Reproduce from the records below, with no pictures, exactly the lines between the one containing "绿茶能成为无人机灾难应急的‘隐形英雄’吗？" and the one containing "társult önkormányzatokkal közös", inclusive.
═══ Given data
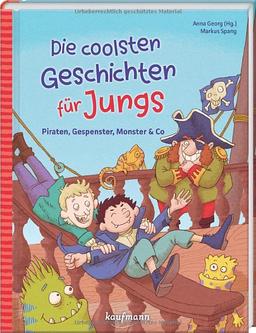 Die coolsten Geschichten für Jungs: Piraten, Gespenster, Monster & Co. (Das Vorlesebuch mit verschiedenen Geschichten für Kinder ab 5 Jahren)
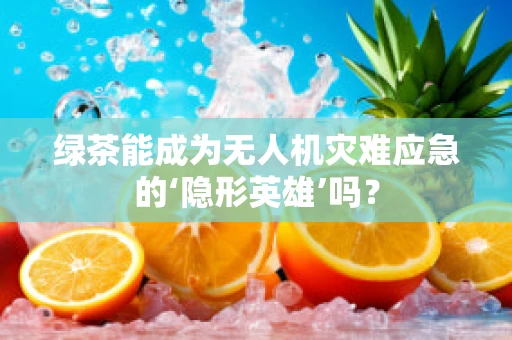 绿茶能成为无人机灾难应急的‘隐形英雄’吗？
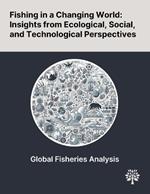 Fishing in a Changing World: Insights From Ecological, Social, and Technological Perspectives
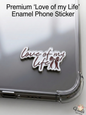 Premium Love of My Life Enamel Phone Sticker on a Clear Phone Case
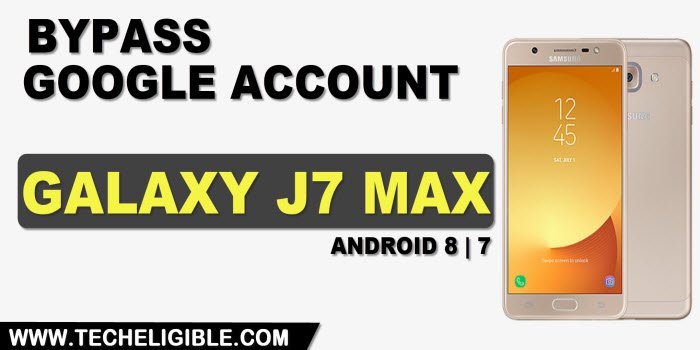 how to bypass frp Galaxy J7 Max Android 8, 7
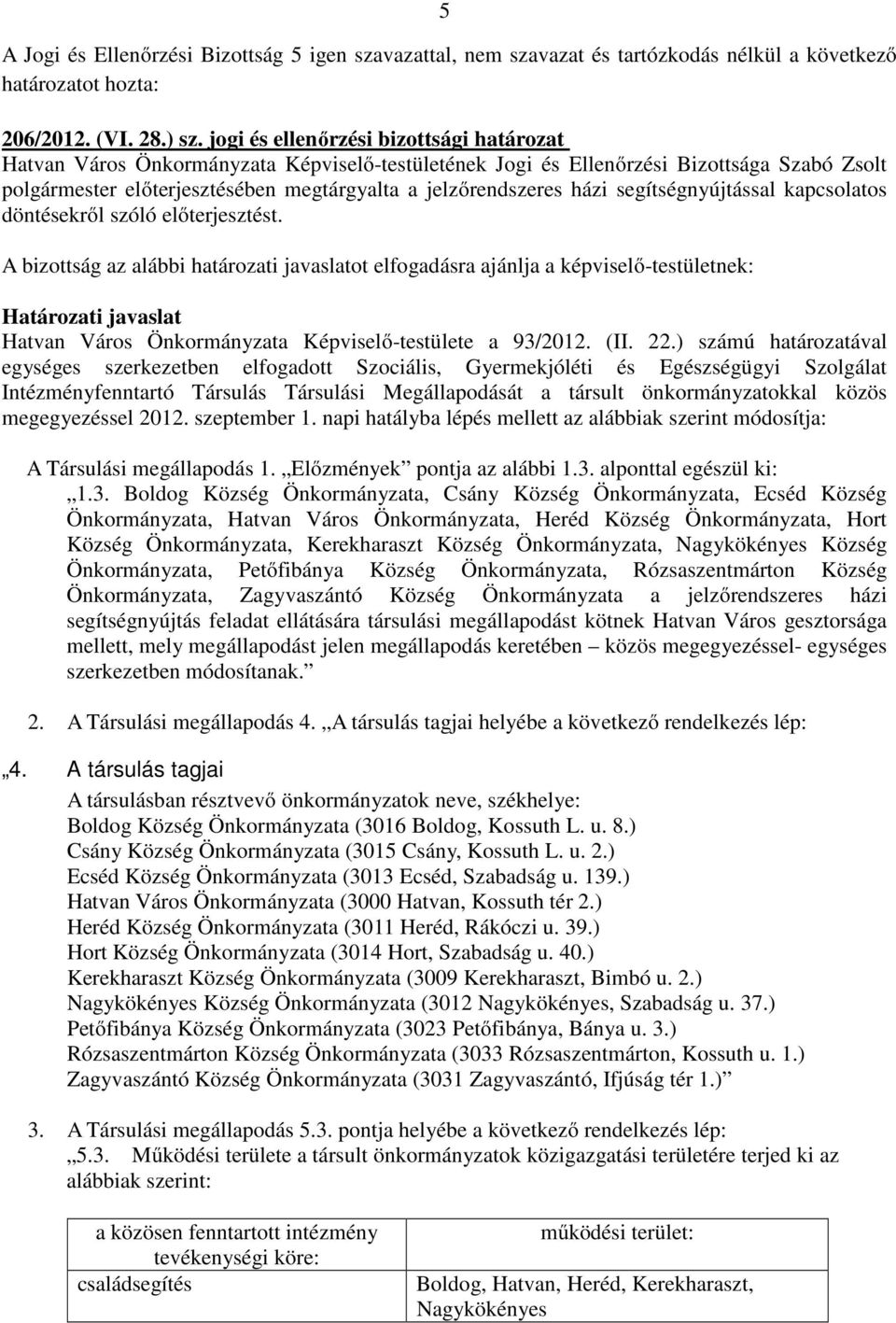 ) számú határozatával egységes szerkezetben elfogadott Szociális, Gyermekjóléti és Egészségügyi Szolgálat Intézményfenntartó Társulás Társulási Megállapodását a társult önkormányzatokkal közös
══════
═══ Given data
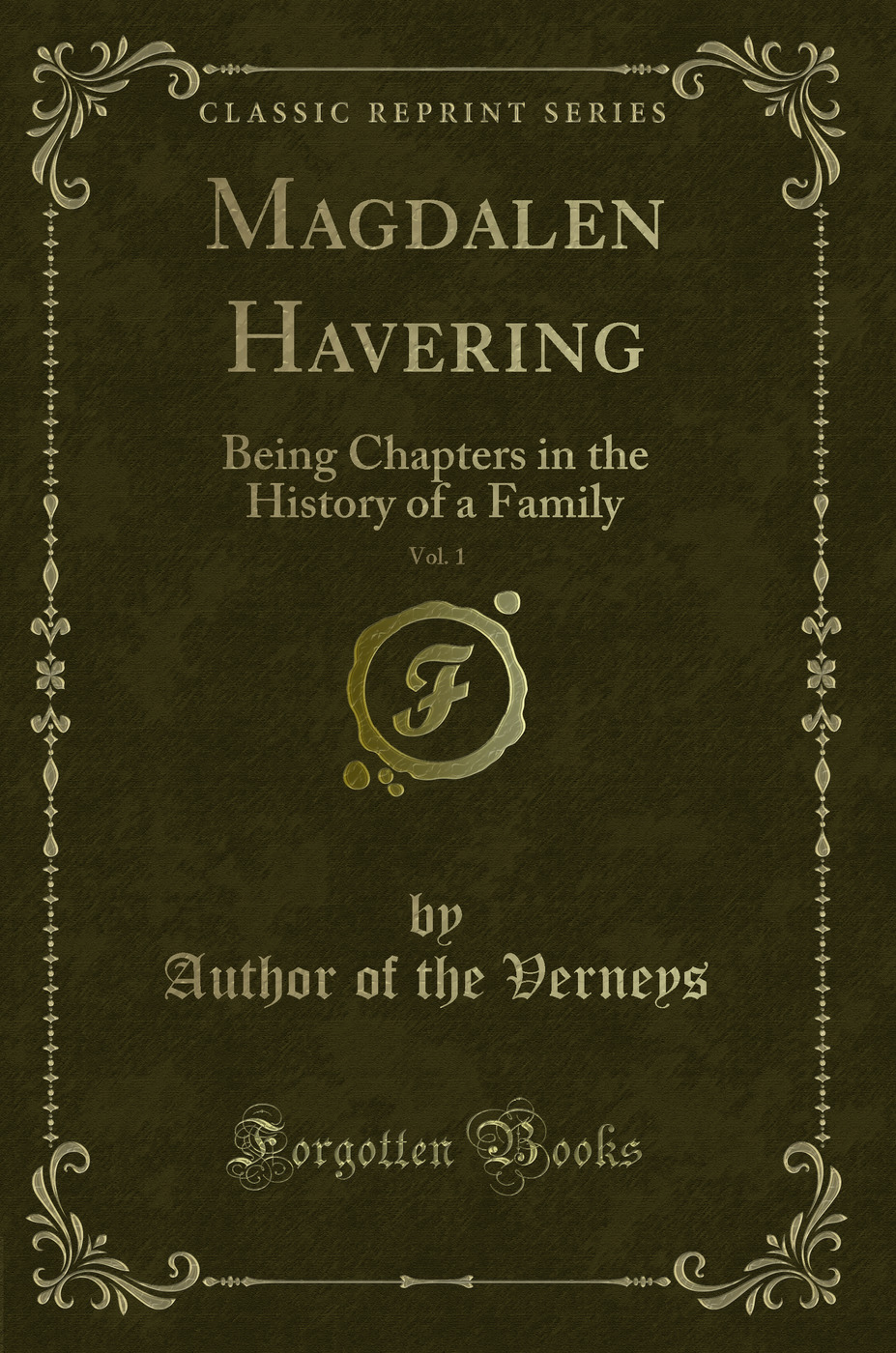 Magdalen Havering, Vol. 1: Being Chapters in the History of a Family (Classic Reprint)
══════
> _Exercise answer_
 绿茶能成为无人机灾难应急的‘隐形英雄’吗？
 Fishing in a Changing World: Insights From Ecological, Social, and Technological Perspectives
 Premium Love of My Life Enamel Phone Sticker on a Clear Phone Case
 how to bypass frp Galaxy J7 Max Android 8, 7
 ) számú határozatával egységes szerkezetben elfogadott Szociális, Gyermekjóléti és Egészségügyi Szolgálat Intézményfenntartó Társulás Társulási Megállapodását a társult önkormányzatokkal közös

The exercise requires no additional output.